A comprehensive search of six databases was completed in June 2022. Eligible studies included randomised controlled trials (RCTs) published since 2005. The primary outcome was sustained tobacco abstinence, self-reported and/or biochemically validated, of at least 6 months. Secondary outcomes included point-prevalence abstinence, sustained abstinence of less than 6 months. Data extraction of cessation outcomes and risk of bias assessments was completed independently by two authors.

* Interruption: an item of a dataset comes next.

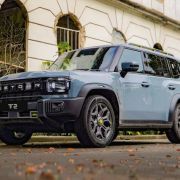 Jetour Auto PH sold more than 1,700 units in 2024 image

Five RCTs met inclusion criteria (n=58,796) from 819 studies; all differing in setting, methodology, intervention, participants and endpoints. Conversational AI interventions included chatbots embedded in multi- and single component smartphone apps (n=3), a social media-based (n=1) chatbot, and an internet-based avatar (n=1). Random effects meta-analysis found participants in the conversational AI enhanced intervention were significantly more likely to quit smoking at the end of the trial compared to control group participants (RR = 1.61, 95% CI (1.21, 2.13), p = .001). High heterogeneity was found between studies (Q(4) = 53.84, p<.001), as well as high overall risk of bias. Loss to follow-up was generally high.

There is limited but promising evidence on the effectiveness of conversational AI interventions for smoking cessation. While all studies found benefit from conversational AI interventions, substantial heterogeneity means the results should be interpreted with caution. Given the rapid evolution and potential of AI interventions, further well-designed RCTs are warranted in this promising area.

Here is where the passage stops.